Scots Gaelic is officially classed as “endangered” by the United Nations Educational, Scientific and Cultural Organisation (Unesco). This means “children no longer learn it as their mother tongue”. However, there is clear evidence that there are a growing number of organisations and people who are prepared to try to change the tide.

Màrtainn Bàillidh, a member of the team that created the Gaelic course on Duolingo – a popular language learning app – says the new interest in the language is “fantastic”. However, he stresses, there is still much more to be done.

Màrtainn explains: “Increasing social density of the language in the Western Isles is a very good start. We need to look at how to support people in local communities and we need to fund community-level teaching. There’s a huge number of things that could be done but they require policy action.”

The Gaelic Duolingo course has just short of 500,000 users, an amazing achievement for the small project team.

“There’s no such thing as an easy language to learn,” Màrtainn says. “Gaelic is not any harder than other European languages to learn. But if you are learning Italian in Italy, you’ll find it a lot easier than learning Gaelic in Scotland. There’s a lack of resources and a lack of opportunities to use your skills.”

When talking about the extinction of a language, it is not about no-one ever speaking it again … instead, it means society does not have a place for it any more.

The Scottish Government and individual regional, district and community councils are doing a considerable amount to raise the profile of Gaelic in schools, whether through established Gaelic medium schools or teaching it as a subject to young children.

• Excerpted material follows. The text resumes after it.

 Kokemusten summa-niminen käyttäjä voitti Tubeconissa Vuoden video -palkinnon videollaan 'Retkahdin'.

However, there still remains the problem that it has now become an “acquired skill”.

Màrtainn continues: “There are far fewer families raising children with Gaelic being spoken in the home, so it is making the language an additional skill as opposed to something done as a national way of life, and that is the crisis we are facing at the moment.”

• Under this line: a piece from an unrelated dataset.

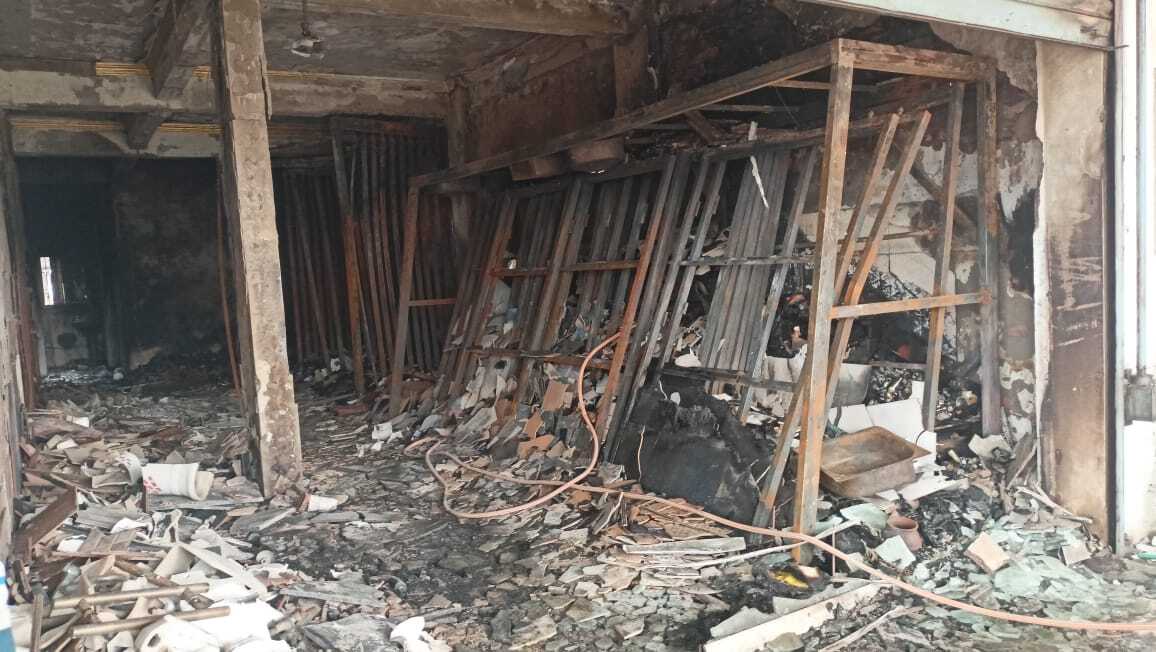 दिघवा दुबौली में हार्डवेयर दुकान में लगी भीषण आग, नकद समेत लाखों की संपत्ति का नुकसान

The Republic of Ireland has revealed that 1.7 million of its citizens can speak Irish but only 73,000 use it on a daily basis. Having more than a million people being able to speak Irish is a very admirable statistic, but it does not count for much if the language does not actually get spoken.

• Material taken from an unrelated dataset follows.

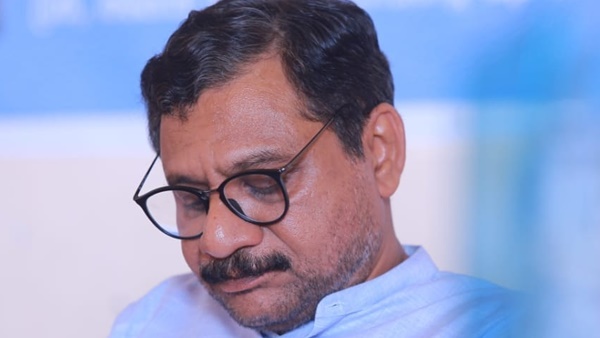 അറിവുള്ളതല്ല അറിവുള്ളതല്ല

Màrtainn says: “Gaelic is seen as something that relates purely to the Western Isles, when in fact it is everything up to Culloden – it was central to the Scottish story. There is such a lack of awareness that people don’t value the language; don’t value the culture; and don’t understand their own heritage. If we can address that, then this would make a huge difference.”

Renowned Gaelic singer Calum Ross, 86, agrees that without the desire to learn Gaelic, it will not survive for much longer. Most of his friends speak Gaelic, as do their children, or at least they have a good understanding of it.

Calum was born into a Gaelic-speaking family in Partick, in Glasgow’s west end, an area that welcomed an influx of Gaelic-speaking Western Islanders for many years. When he was born, speaking the language on a daily basis was much more common than now, and this is why he finds it difficult to visualise the possibility of it dying out. However, times have changed, and a determined effort is required to maintain the tradition of it being spoken in communities.

It is clear that without some passion from the people and a number of governmental policy changes, Gaelic will shortly exist only as the yellow text on road signs.

However, with all the changes governing bodies are now committing to, and the steady and growing increase of available resources for learners, there is just a chance Gaelic can thrive once again.